Q: Today, people are saying that it is time for unusual films doing well. What do you have to say to that?
A: Unusual films have been made all the time like I made “Taare Zameen Par,” but they will succeed only if they are good films, not because they are small or unusual. Big or small, it is about how well a film connects, and whether we are able to tell a good story in a good way. There is nothing that says that this is the time for big films, or small films, or different films. Isn’t “Judwaa 2” a huge hit?
Q: You have not done too many heroine-oriented films.
A: I have worked on my characters. But the stories of “Ghajini” and “Rang De Basanti” are actually heroine-driven if you check carefully. Even “Thugs Of Hindostan” is actually the story of a girl, played by Fatima Sheikh.
Q: How was it working with Amitabh Bachchan after a couple of false alarms, so to speak?

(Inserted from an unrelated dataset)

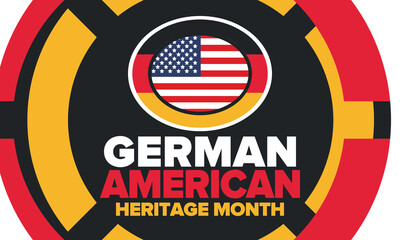 German-American Heritage Month. Happy holiday celebrate annual in October. Germany and United States flag. Culture month. Patriotic design. Poster, card, banner, template. Vector illustration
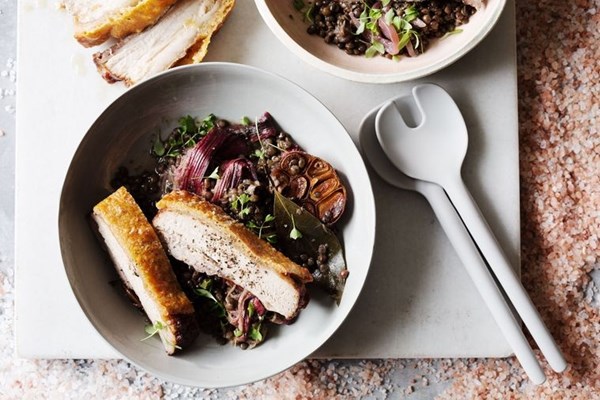 Salted pork belly with rhubarb lentils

He has only done the voiceover for your “Lagaan.”
A: It was a great experience. I have grown up on his films, and have seen his total sway over the audience, which held on to every word and gesture and nuance. It was a magical time for audiences. In 1978, there were at least seven films of his running simultaneously and successfully! So he was even clashing with himself when today we are making so much of a hero clashing with another! (Laughs)That is the kind of stardom we will never get to see.
Q: Yes, stardom has changed, right?
A: It’s a different concept of stardom now. The fabric is changing. Earlier, the access to a star was very limited, and until the ‘70s even television was not there. The only way to personally see or hope to meet a star was by being physically present outside his studio, his house, at a premiere or on location. The only other access was the print media, where we could read about a Dilip Kumar or Amitabh. Then “Phool Khile Hain Gulshan Gulshan” began on television, and we could watch and hear the star talk.
Today, a star is much more accessible, communicative, right in your pocket so to speak when he can be accessed or watched on your phone.
Q: Your films command a lot of initial. Isn’t that also stardom?
A: Stars are made through films – uss mein se star nilkata hai! Stars never make a film, never make a hit. As a star, as you say, I can at the maximum get a film a decent first weekend, though as an ACTOR my creative contribution is much more. But whenever a film is a huge success, it is the director (or story narrator) and writers (who are the story conceivers) who deserve far more credit. In the same way, a director needs to take the primary blame when a film flops.
I will give you an example of MY contribution. Based probably on my name, “Dangal” opened to Rs. 25 crore on day 1 in China and grew steadily. On the second Sunday, it collected Rs. 100 crore in a single day, which is what we dream about as a lifetime figure often! But had I been responsible alone, it should have collected Rs. 100 crore on day one itself, right?
I am very clear that it’s the film, not me. There is no confusion or pretense. I am enjoying fame and success because I have had the good fortune to be part of these films. My career is built on these films. Yes, my choice was good, but that is only a small part of the credit. If I tell my mother to make a dish she is brilliant at for a party, and it gets appreciated, how much of the actual credit is mine? Very little!
Q: So are you afraid of losing this hold?
A: I am very clear I am going to lose it all. Like death, it is inevitable. It is a natural process exemplified by Brahma Vishnu Mahesh. How long can you hold on to this phase is what it is all about. My real fear is always whether we make what we set out to because, in filmmaking, any step can go wrong. Like the old song “Jaana tha Japan pahunch gaye Chin (We wanted to go to Japan but landed in China)!”
Q: You initially rejected even “Lagaan.”
A: When I rejected it, it was only an idea. I found it absurd, a group of farmers, tax, freedom, and shortage of water in a village! Then Ashutosh Gowariker worked on it for three months and came back. I asked him why I should spend three hours on listening to something I had rejected. But then the fact that he had spent three months on it made me listen to him, and I loved it!
But again, I did not say ‘Yes,’ because I did not have the courage to make such an unusual film for mainstream cinema because if it did not work, people would lose money, and I would hate something doing that because of my dream.
It took me a full year to agree because I could not get the story out of mind! So I thought, why am I scared? Two things finally convinced me: one, I thought of our great filmmakers like V. Shantaram, Mehboob Khan, Bimal Roy, K. Asif and Guru Dutt. Would they be scared if they loved a story just because of the commercial risks? No, I had to follow in their footsteps. I had to take courage from our seniors. Next, I made Ashutosh narrate the script to my parents, ammi and abbajaan (late filmmaker Tahir Husain). They were very moved. I was watching their face, and they were flowing with the narration. And they unanimously said, “Aamir, don’t think it is unusual. You must make it because it is a good story.”